Monday, October 1, 2007 - 1:14 PM
  teinture

For the last four years or so, I've had the habit of coloring my hair a little darker during the fall and winter months and lightening it during the summer. I don't know exactly why I feel the desire to do this; I think it has something to do with wanting it to be in synch with my surroundings. I feel odd having highlights when it starts to get gray and barren outside, and I feel odd having black hair when it starts to get sunny and lovely. Last week when the weather was so miserable I started thinking it was about time to darken it again, except I've sort of tired of this whole routine and don't want to dye it again any time soon after this, so instead of just dying it black I wanted to just have it all be my natural color, so as it grows out I can just leave it alone.

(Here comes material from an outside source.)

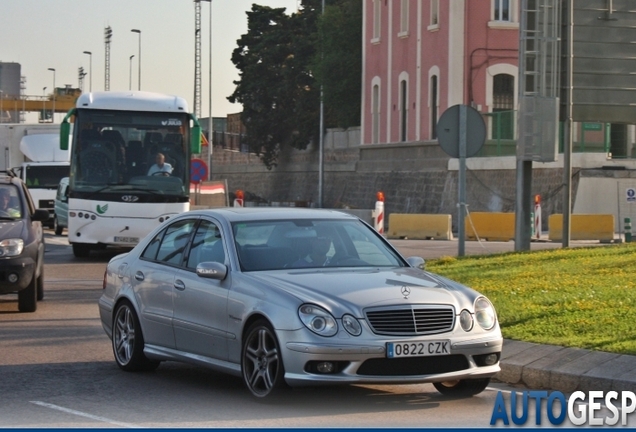 Mercedes-Benz E 55 AMG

The trouble with this decision is it requires me paying someone else to do it instead of doing it myself, something I try to avoid when it comes to haircare. I concede that it's worth it to get a professional to color your hair sometimes, except when I've dyed it black I felt like it wasn't too complicated. And after three years of successful self-haircuts, I got it professionally cut for my birthday last year, a move that ended in tears and me sending a text message to a few people (because that's how you deal with this kind of tragic event) lamenting that "I just got the worst haircut of my entire life."* To which my brother helpfully responded, "haha u should have cut it urself." Gee, thanks.

Anyway. Now it's now, and here I am needing a professional colorist to do the job so he or she can match my natural color. Complicating this is the fact that I am in an unfamiliar city, which also has to be incredibly expensive, and I am philosophically opposed to paying a lot of money for this in addition to being, you know, a poor college student making her way in the cold cruel world. Good thing the internet has never let me down! I learned that the Jean Louis David salon would give me a haircut or a dye job for 5 euros, with the caveat that it would be a trainee doing the work under the watchful eye of his superiors. Color me cheap. I went to the salon and made an appointment, and was suitably impressed by how silly-expensive it looked that I was pretty sure my hair wouldn't end up blue. The lobby was all white-- white floors, white walls, white counter-- and at the counter were two tall women dressed entirely in black. One was busy talking into a headset, but the other politely told me that I would have to meet the colorist before I could make an appointment, and directed me up a staircase behind her, which was nearly invisible, being also entirely white, and was adorned with mirrors of a quantity and size that rather perturbed me. A very attractive gentleman and his very attractive companion appeared, and the woman pointed them in my direction. I told him that I wanted my hair dyed, NOT cut, and that I just wanted my natural color. He nodded vaguely as I spoke. "Tournez." I dutifully did a small turn. He looked over my hair, touched it, lifted it. I tried not to laugh. "C'est bon," he said approvingly, then nodded at the woman and walked away. So, I was allowed to make an appointment.

Fast forward a few days, and I got a very good (and very cheap) shampoo and dye job, to which I added some scissor-work of my own, and I'm happy with the results. So, the adage that you get what you pay for is not always (although, often) true.

Here's an inside look at Jean Louis David, starting with this intimidating staircase:



Flurry of activity!



The redhead is my colorist, having a pow-wow with her instructor:



*This is really saying something because when I was 7 my mom totally botched cutting my bangs, and they stood straight up for a couple of weeks.